Legal action against the Government on flooding issues is the next option for villagers of Bamboo Number 2.
It comes hours after a confrontation between the villagers and Minister of Works and Transport Rohan Sinanan and Minister of Rural Development Faris Al-Rawi on Tuesday..
The affected residents said they have been facing flooding issues for the last five days, with water levels recorded in some areas as high as 12 feet.
They have retained attorney Richard Jagessar to pursue the Government for compensation and losses.
“I would like to point out for the benefit of the villagers that this is not the time to cast blame. That is not why we are here. We are here to fix the problem. As you can see, this is a serious problem. There are people beyond this point. This new river that has developed there are people beyond here that cannot access medication, food, drinking water, and so on,” attorney Richard Jagessar said.
He added, “Those villagers that we cannot see and hear from they are pensioners, they are the elderly, they are pregnant, they are the children that cannot go to school. Those are the people that I wish to represent.

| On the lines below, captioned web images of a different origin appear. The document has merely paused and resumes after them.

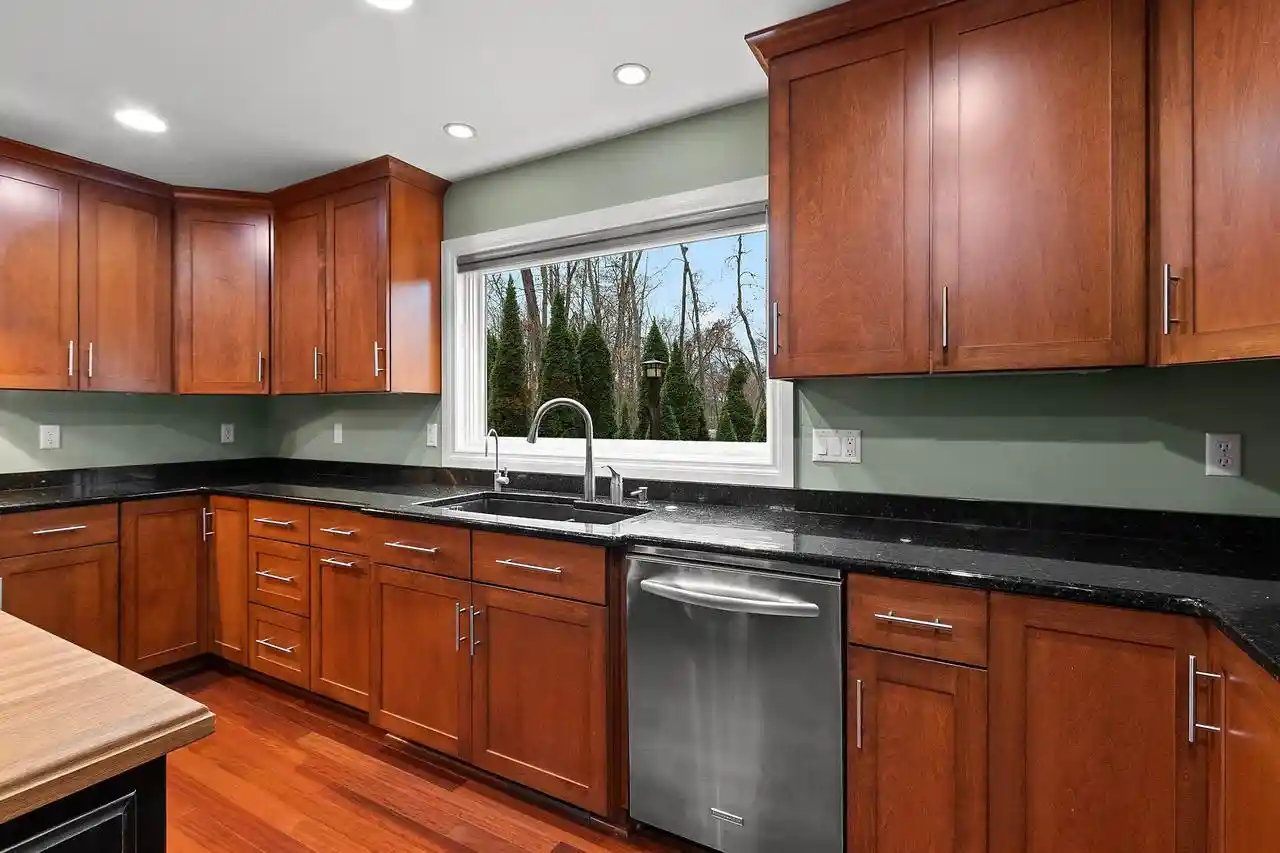 Photo 2 of Single family home for sale at 1789 Maidstone Cir, Green Bay, WI 54313 | MLS# 50334111 | Listing updated on 2026-10-30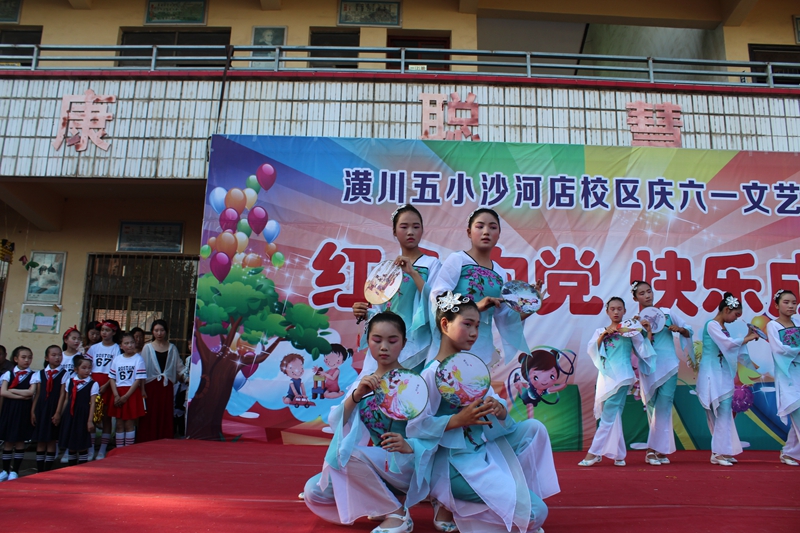 六年级古风舞《青花瓷》.JPG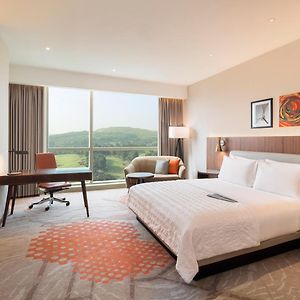 Gästezimmer mit Kingsize-Bett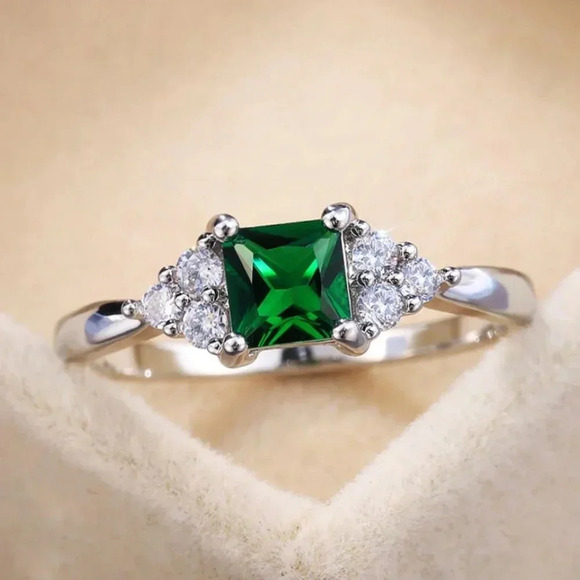 925 Sterling Silver Princess Cut Emerald Ring - Picture 1 of 6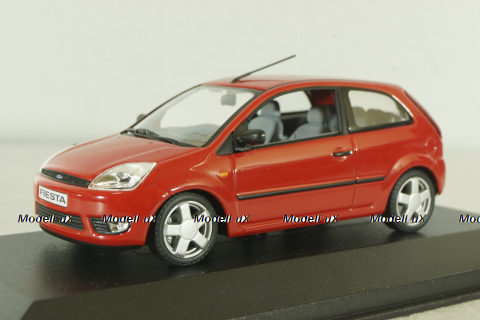 Ford Fiesta 2002 3-Dors 2001, red, Minichamps 1:43 Уценка!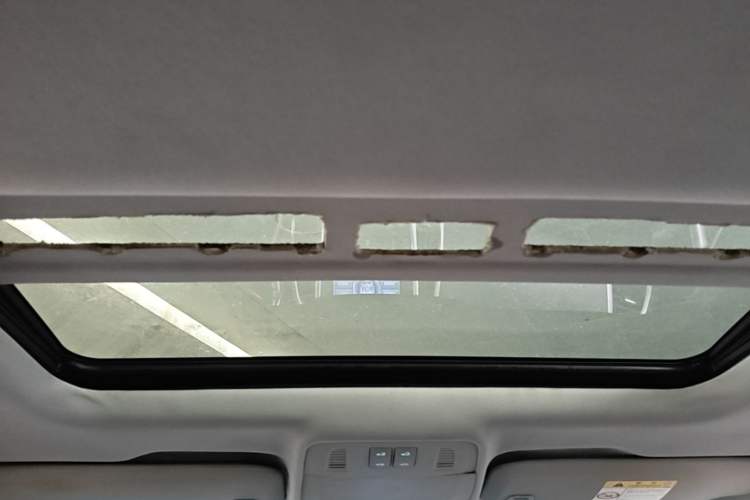 Used Buick GT 2014 XT 1.6L Automatic Fashion Edition Headliner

Those are the people that have a claim against the minister. The minister has a claim against the man who allegedly encroached on the embankment which is his prerogative. He has a deal with his engineers, and his supervisors about why that went on for two years if at all it went on, but these villagers are hungry, starving for five days.
Jagessar added, “The villagers would like the minister and his team of engineers, the Ministry of Local Government, PURE, and so on. We call for a meeting with them a face-to-face meeting with them and let us show you where the problem is.”
Despite the threat of legal action it still did not change the villagers’ situation as many are still seeing almost five feet of water in their homes and boats are the mode of transportation for supplies for who cannot leave.
Community activist and businessman Inshan Ishmael told Guardian Media, “The minister promised yesterday has not been delivered. Residents have now put their lives at risk to go and open up one of the gates and dive underwater with no equipment in sewage water. So we are doing what the ministry should have done.”
The villagers were successful to open the sluice gates.
Ishmael said, “ I stand proud here today that I run him out of Bamboo and I’ll run him out again, so here’s what, we had enough and this is the way we are going now, legal, whether they like it or not because, at the end of the day, these residents can’t have a repeat of this.”
Despite the challenges facing the villagers, general manager of the Trinidad and Tobago Electricity Commission (T&TEC) Kelvin Ramsook was on hand in Bamboo Number 2 to attempt to restore power.
“What we did, which was very important we drove the circuit on either side and notify the customers who were there to make sure the switch of the breakers on the downstairs section of their house because once we restore service, we want to make sure that people are safe in the building”, Ramsook said.